But my approach has changed for the last few scripts I have completed. Here is what I have done instead:

Don’t even consider the notes. Just go ahead and make the changes exactly as suggested without worrying about the real causes or the bigger picture. Then wait that 24 hours or more. Now read through your story and make a note any time something feels wrong. If you can tighten, do it. If you can cut, do it. Tweak until until it feels right.

The first method, my traditional system, is careful and considered. The second is not, at least not at the start. The risk in the second method is that the changes made may miss the underlying issues that led to the notes in the first place. But the huge positive is that it doesn’t allow for any rejection of the ideas in the notes based on little more than ‘I had it this way before’. When you actually start to evaluate the story with consideration, the changes are already in place and you have moved on from that earlier draft. You are now evaluating a new version of that script and, because you went straight ahead and made those changes and they aren’t from your own gut, it allows a touch more objectivity.

So if the first method has worked for me, why change?

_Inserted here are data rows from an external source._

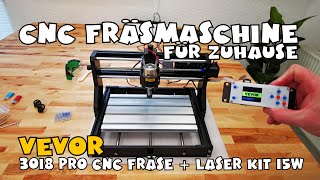 VEVOR 3018 Pro CNC Fräsmaschine mit Laser Kit 15W [upl. by Clywd550]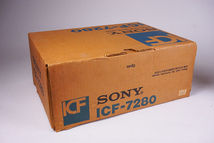 ■ks343■電源付かず/SONY FM/AM ポータブルラジオ ICF-7280　昭和レトロ 当時品　箱付き_画像2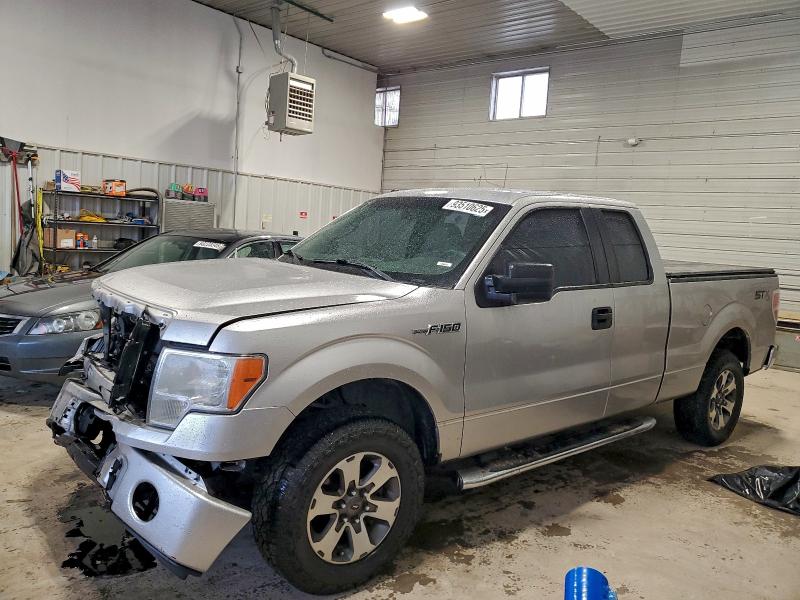 FORD F150 SUPER 2013 with VIN 1FTFX1EF5DFC88240 - Photo from auction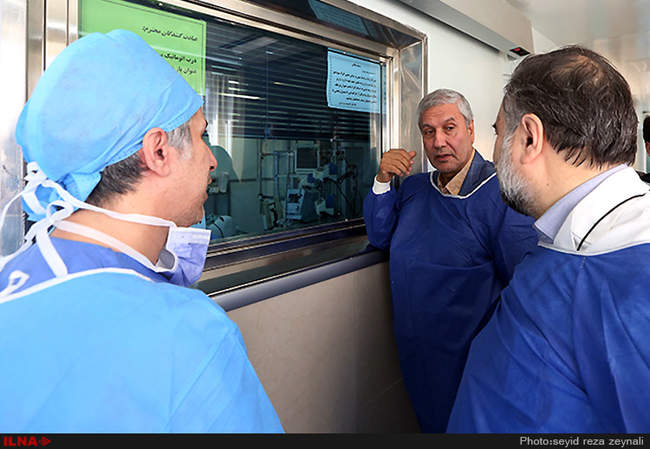 عیادت وزیر تعاون، کار و رفاه اجتماعی از مصدومین حادثه ذوب آهن اصفهان 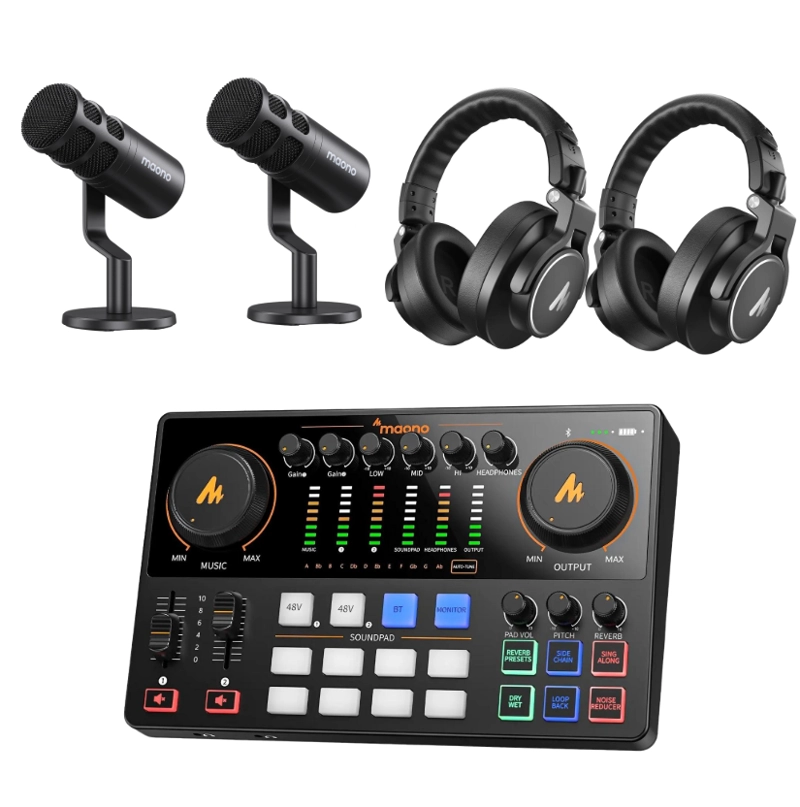KIT DE PODCAST MAONO PD100 PARA 2 PERSONAS - 1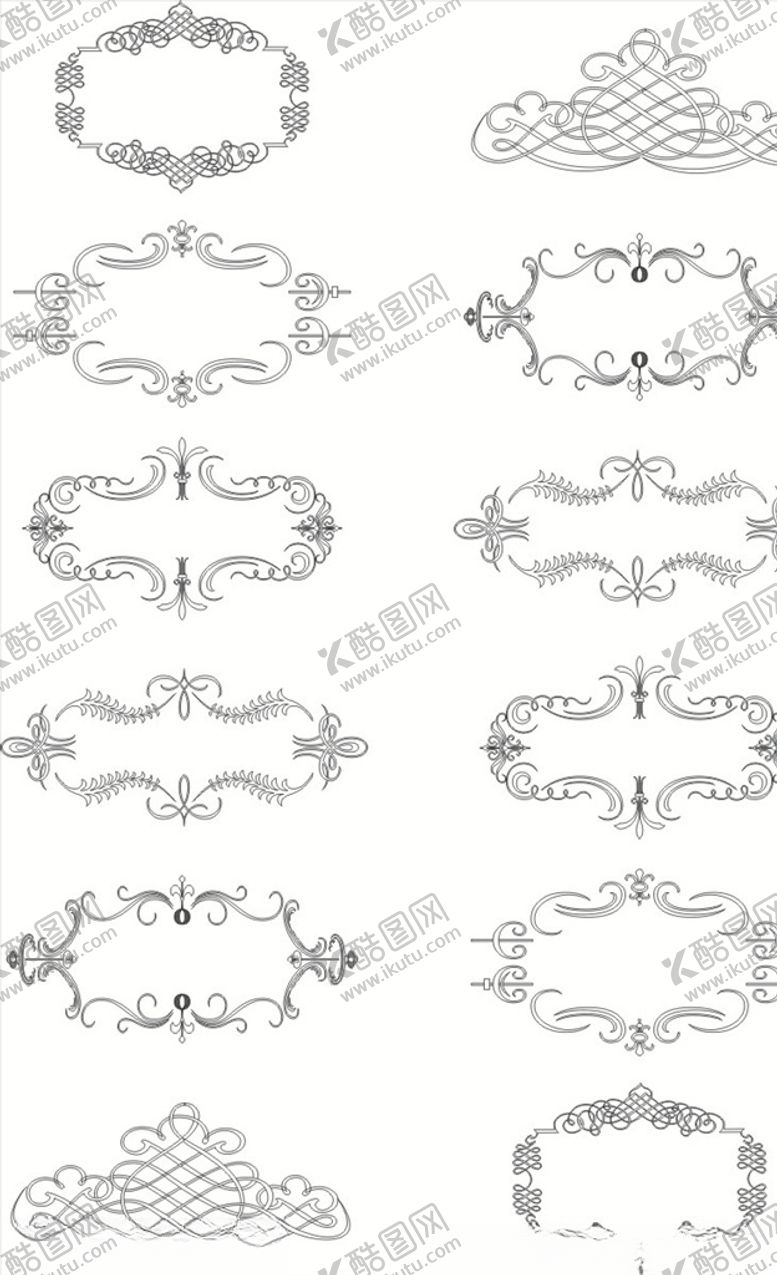 编号：41079006191040305913【酷图网】源文件下载-字画边框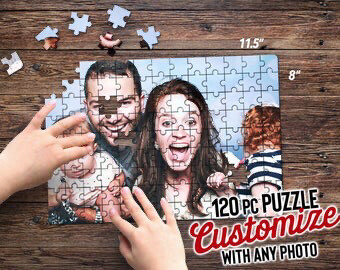 120 Piece MAGNETIC Personalized Puzzle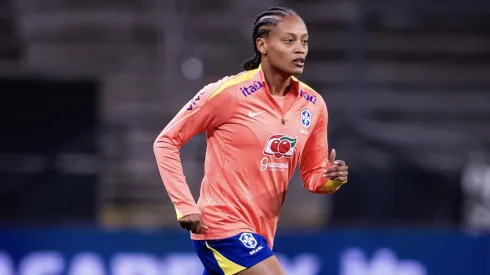 Meio-campo da seleção brasileira feminina busca ganhar mais tempo em campo (Divulgação/William Anacleto/TB Sports)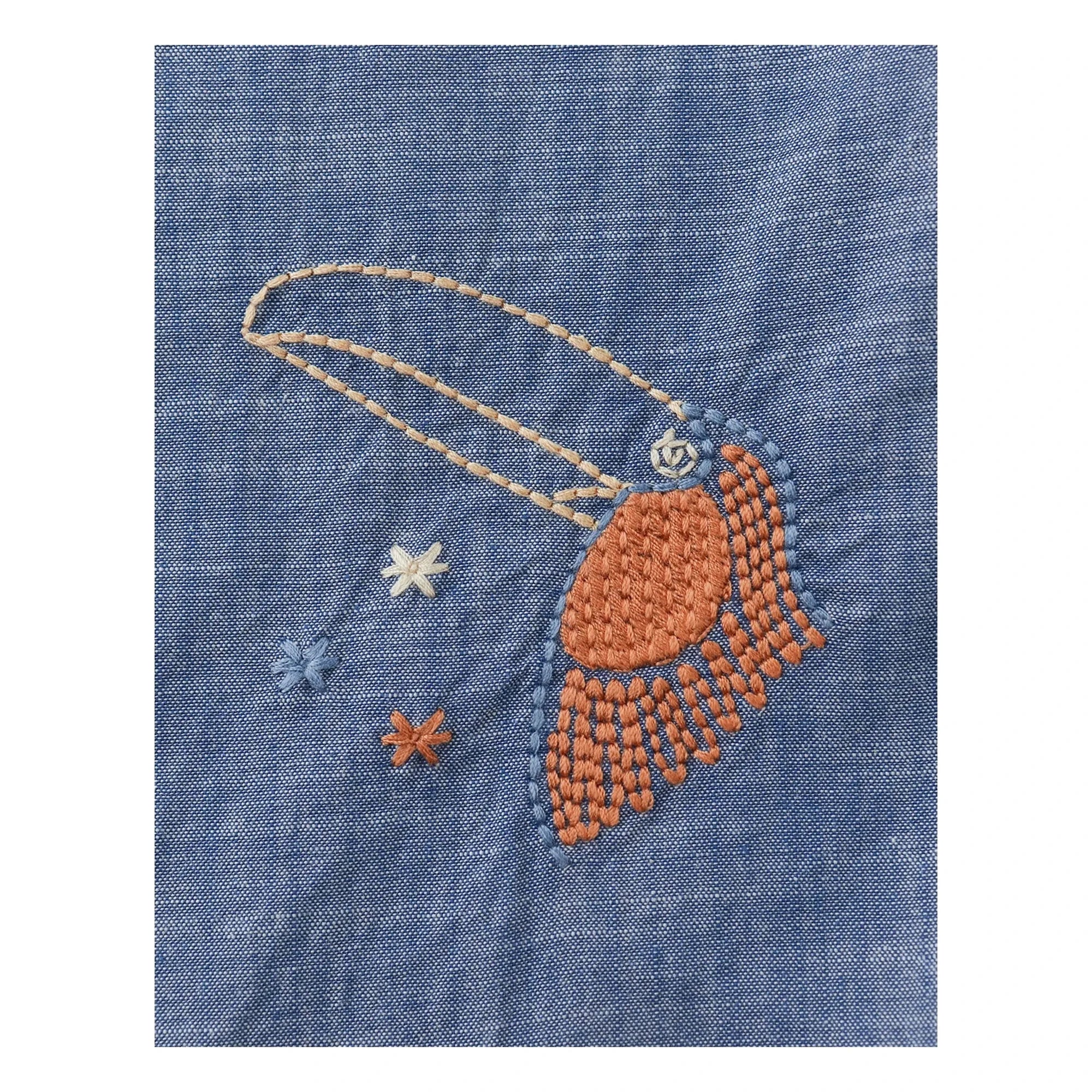 Gingersnaps - Lewis besticktes Chambray-Hemd | Blau
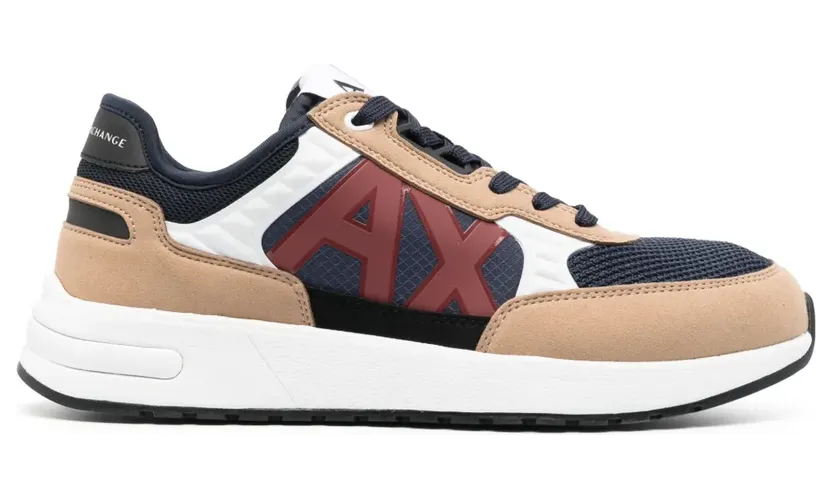 Armani Exchange Sneakers aus Wildleder – Schwarz (XUX090XV276)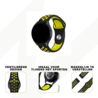 Bandz Bandz Amazfit Bip 6 sport band 'Deluxe' (zwart/geel) Bandz Bandz Amazfit Bip 6 sport band 'Deluxe' (zwart/geel)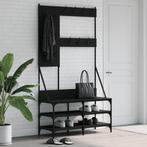 vidaXL Kledingrek met schoenenrek 100x40x184 cm zwart, Kleding | Dames, Kledingrekken, Verzenden, Nieuw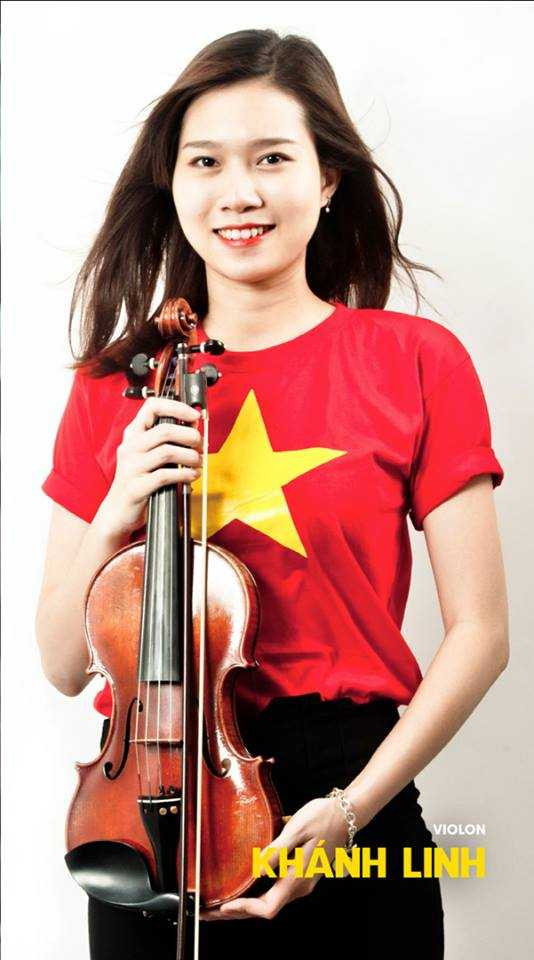 Nghệ sĩ trẻ violon Khánh Linh.
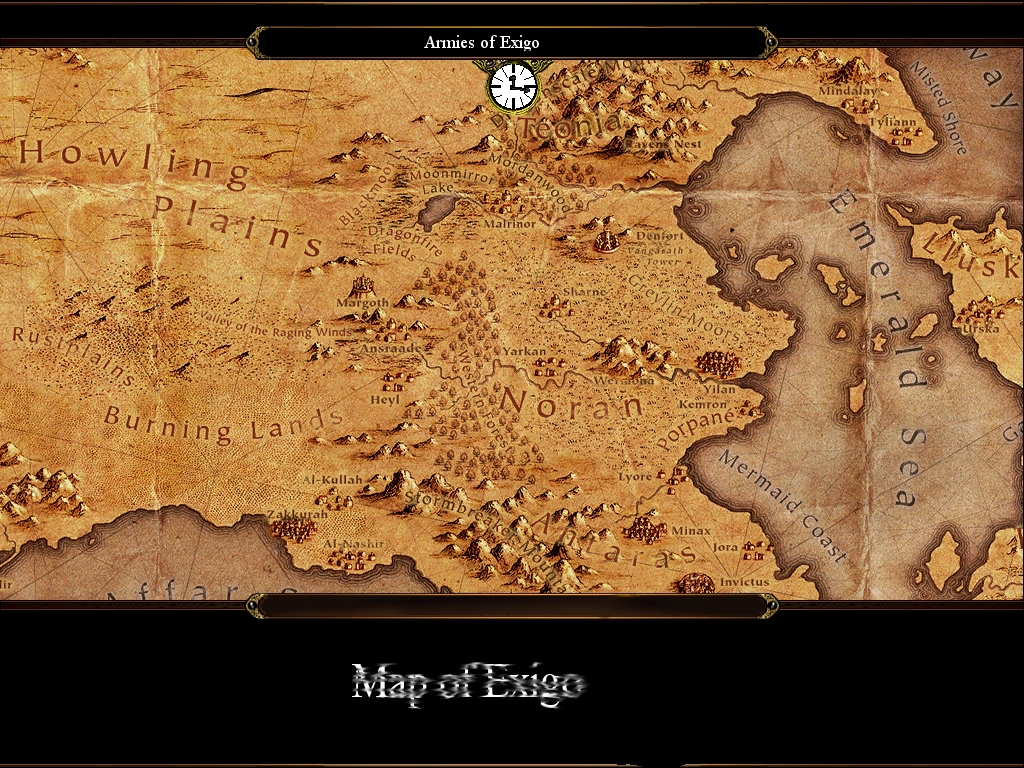 Map of Exigo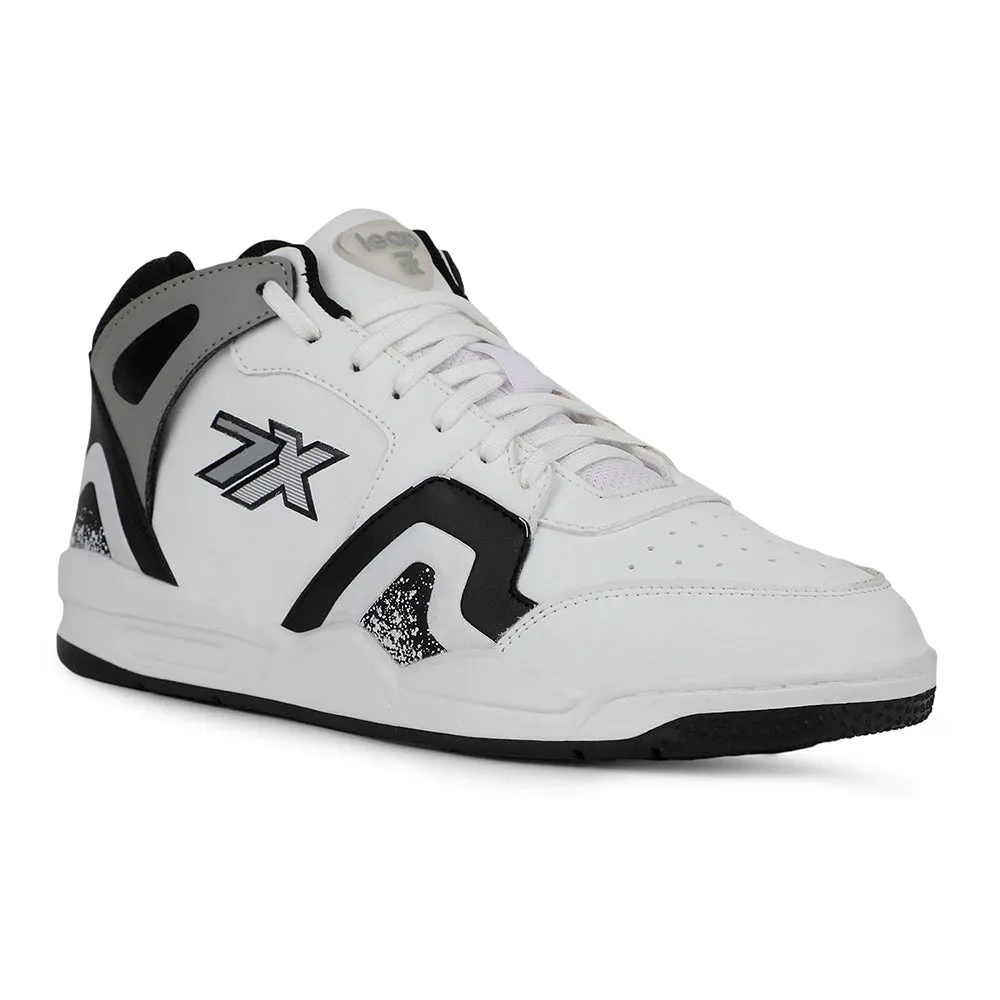 Leap7x Casual White Sneakers For Mens PRESTON By Liberty pro - team - themed running wear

What prompted the trial was writing on a show this year from creatives who have an incredibly strong sense of what the show is – every note without fail made the episodes better exactly as described (I have to be honest, that is not always the case). I realised several episodes in that their notes came with a safety net. And I also noticed that, as a result of that, I would tend to find my own fixes and tweaks around those notes because I wasn’t worried about tackling their notes. It meant we all caught more and the scripts got better easier. I also think it could be more efficient from a time perspective and my workload has been particularly heavy this year.

I have a feeling that the best method will vary from project to project, from notes to notes and especially from writer to writer. But if you are a writer and find you have trouble tackling notes, from separating yourself from those early drafts, try this second method and see if it helps.